WHAT THE EXERCISE ASKS :: Print, exactly as they appear in the listing below, the lines from the line with "1️⃣ Novembre 2006 | Juventus Channel" to the line with "#Juventus #Juventustv https://t.co/AzldocyV3M", with both end lines kept.

SOURCE MATERIAL ::
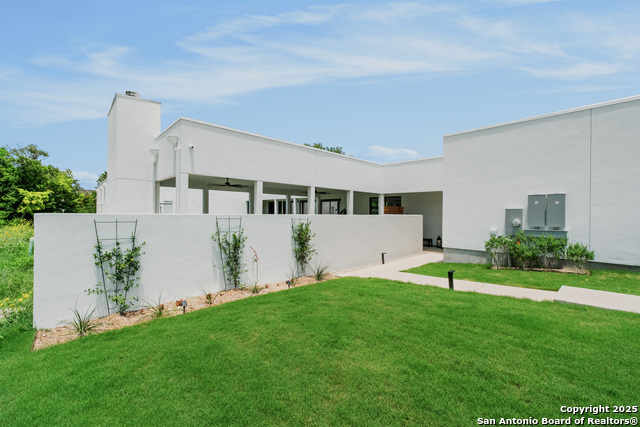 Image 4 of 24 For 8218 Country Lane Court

--

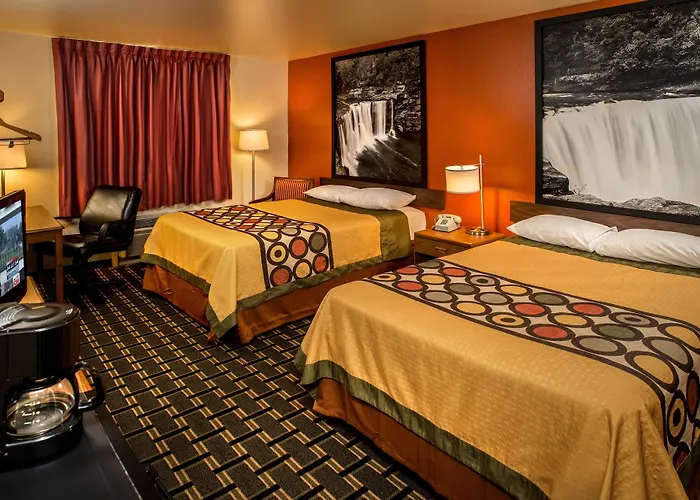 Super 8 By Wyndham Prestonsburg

* * *

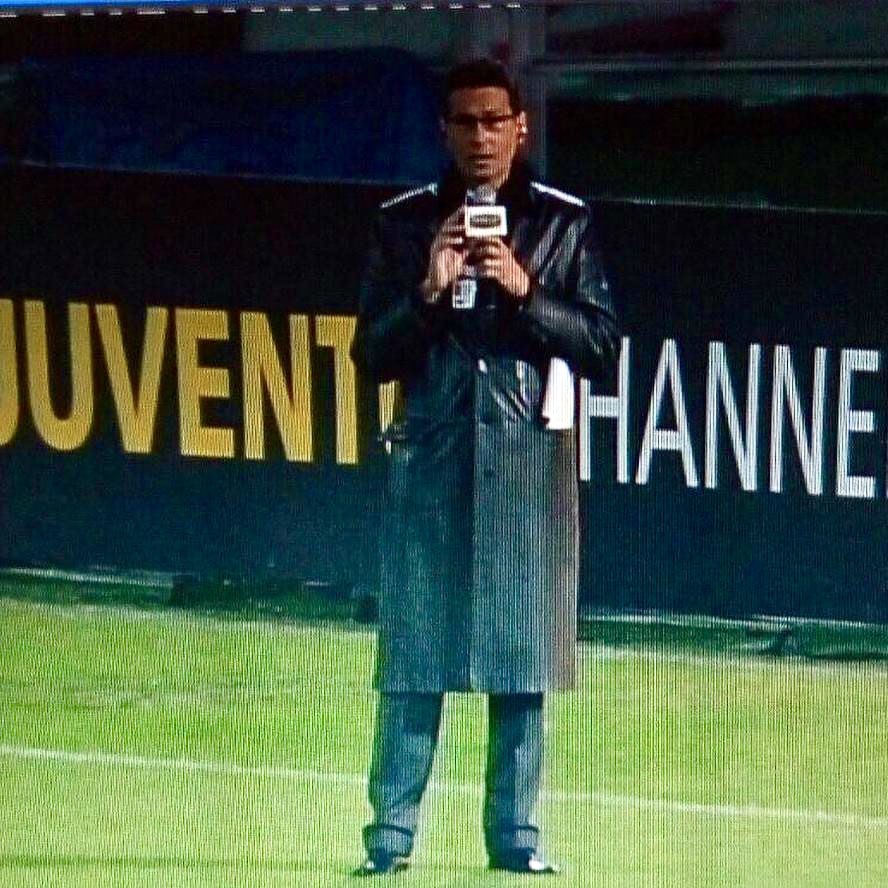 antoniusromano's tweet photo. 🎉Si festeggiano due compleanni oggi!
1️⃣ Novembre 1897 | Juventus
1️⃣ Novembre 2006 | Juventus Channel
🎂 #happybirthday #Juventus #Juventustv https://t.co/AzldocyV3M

TASK OUTPUT ::
1️⃣ Novembre 2006 | Juventus Channel
🎂 #happybirthday #Juventus #Juventustv https://t.co/AzldocyV3M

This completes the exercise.